Figure 1 : Nombre de premiers dépôts dans le monde pour la robotique : 1960 – 2012
Plateformes de robotique associant propriété intellectuelle et open source
L’écosystème d’innovation de la robotique actuel repose sur une combinaison de solutions libres et commerciales (exclusives) en matière de gestion de la propriété intellectuelle.
Au stade de la précommercialisation, une grande partie de l’innovation se construit autour de plateformes collaboratives et ouvertes comme le Robot Operation System (ROS). Dans ce système, les tiers sont invités à utiliser et éventuellement améliorer le contenu existant en vertu de clauses de licences ouvertes (p. ex. Creative Commons, GNU General Public License ou une licence de logiciel libre). Cela permet d’accélérer la réalisation des prototypes et des expérimentations. Les plateformes collaboratives permettent aux utilisateurs de partager les coûts de mise de fonds initiale considérables, d’éviter la répétition des efforts et de perfectionner les solutions existantes. De telles plateformes existent pour le développement à la fois de logiciels et de matériel informatique.

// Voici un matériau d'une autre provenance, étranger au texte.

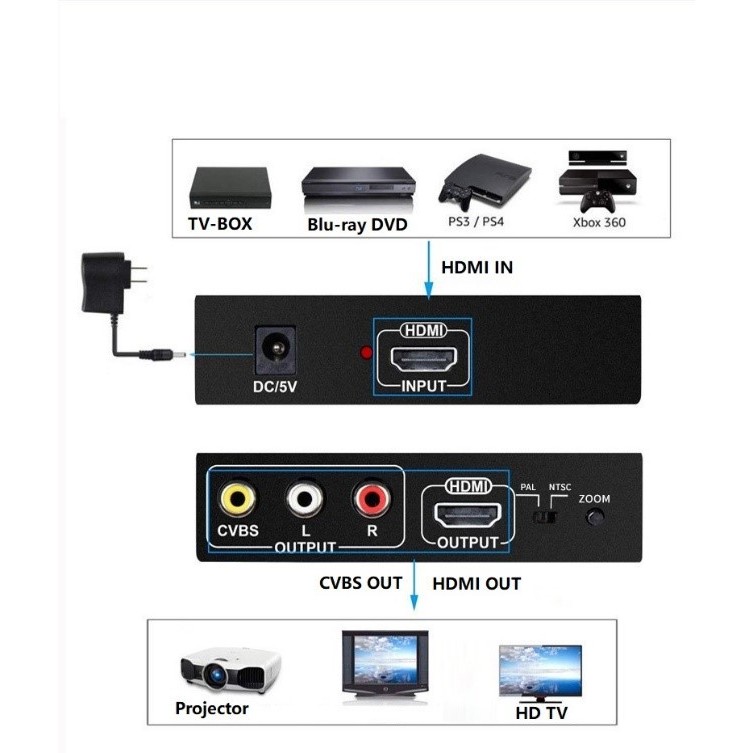 4K HDMI เข้ากันได้กับ AV HDTV Converter 1080P 60hz CVBS RCA คอมโพสิตวิดีโอ 2 In 1HDMI-เข้ากันได้กับ SplitterMonitor ทีวีโปรเจคเตอร์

Mais quand les entreprises innovantes investissent dans leurs propres efforts de recherche-développement, elles tendent à protéger leurs inventions de manière plus stricte, en particulier quand elles ont l’habitude de différencier leurs produits de ceux de la concurrence. Au fur et à mesure que les enjeux commerciaux augmentent, il sera intéressant de voir si les entreprises de robotique changent leur approche en matière de gestion de la propriété intellectuelle.
Les robots auront-ils un jour des droits sur leurs inventions ou œuvres de création?

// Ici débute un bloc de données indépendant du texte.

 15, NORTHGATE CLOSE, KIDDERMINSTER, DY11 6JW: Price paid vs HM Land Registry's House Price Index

Dans le futur, les robots vont probablement trouver de nouvelles solutions à des problèmes et ainsi créer des actifs intangibles qui pourraient, au moins en théorie, être perçus comme des objets de propriété intellectuelle. Cela pourrait soulever des questions intéressantes quant aux limites du système actuel de propriété intellectuelle. Est-ce que les objets, codes logiciels ou d’autres actifs créés de manière autonome par un robot peuvent prétendre à la protection par la propriété intellectuelle? Si oui, de quelle manière? Et à qui reviendraient ces droits de propriété intellectuelle? Au fabricant? À l’utilisateur du robot? Au robot lui-même?

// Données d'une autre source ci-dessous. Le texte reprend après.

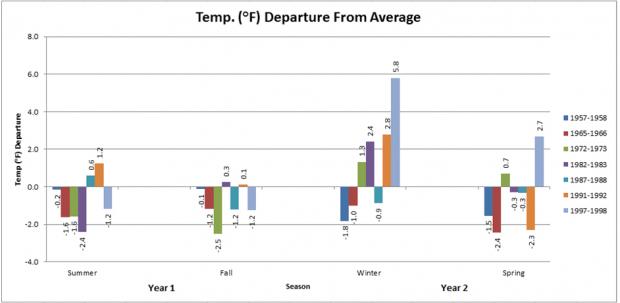 Temp departures during strong El Ninos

Certains pays, par exemple le Japon et la République de Corée, envisagent réellement d’étendre les droits aux machines. En Nouvelle-Zélande, la législation donne à penser que les œuvres originales, même si elles ont été créées par un logiciel, un robot ou un système d’intelligence artificielle, peuvent prétendre à la protection selon la loi néo-zélandaise sur le droit d’auteur de 1994. Cependant, ces œuvres n’appartiendraient pas au robot ou au système d’intelligence artificielle mais aux personnes qui ont créé ou utilisé le robot ou le système à l’origine de l’œuvre. Dans d’autres ressorts juridiques, comme aux États-Unis d’Amérique, il semble peu probable qu’une œuvre créée par un robot puisse prétendre à une protection au titre du droit d’auteur. Déjà, des règles contradictoires en matière de protection de la propriété intellectuelle générée par des robots émergent parmi les nations qui jouent un rôle de premier plan dans le développement de la robotique.
Les créations autonomes des robots et la question de la titularité des droits de propriété intellectuelle sur les créations produites par des robots seront à n’en pas douter l’objet de nombreuses discussions à l’avenir.